The cue point descriptor consists of all the histograms received. As already mentioned, the dimension of the descriptor in figure 32 is the component (2x2x8), but in practice, descriptors of dimension 128 are used (4x4x8).
The resulting descriptor is normalized, after which all its components, whose value is greater than 0.2, are trimmed to 0.2 and then the descriptor is normalized again. As such, the descriptors are ready for use.
Last word and literature
SIFT descriptors are not without flaws. Not all received points and their descriptors will meet the requirements. Naturally, this will affect the further solution of the problem of image matching. In some cases, a solution may not be found, even if it exists. For example, when searching for affine transformations (or a fundamental matrix) from two images of a brick wall, a solution may not be found due to the fact that the wall consists of repeating objects (bricks) that make descriptors of different key points similar to each other. Despite this circumstance, these descriptors work well in many practically important cases.

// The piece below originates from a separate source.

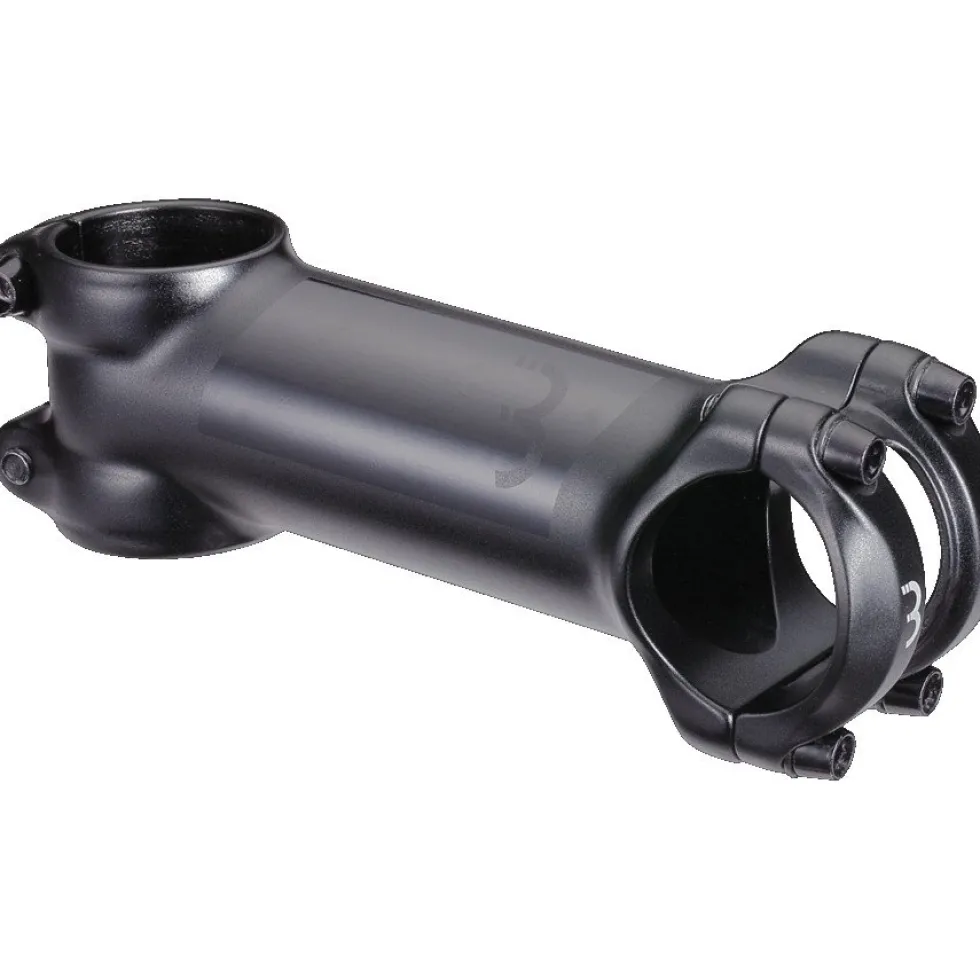 BBB Cycling Rider 2.0 BHS-09 Stem 1 1/8" | 31.8mm - black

Plus, this method is patented.
The article describes an example scheme of the SIFT algorithm. If you are interested in why this algorithm is what it is and why it works, as well as the rationale for choosing the values of some parameters taken in the article “from the ceiling” (for example, the number 0.2 in the normalization of the descriptor), then you should refer to the source of
David G. Lowe “Distinctive image features from scale-invariant keypoints”
Another article repeating the main content of the previous one. It details the details of
Yu Meng's Implementing the Scale Invariant Feature Transform (SIFT) Method.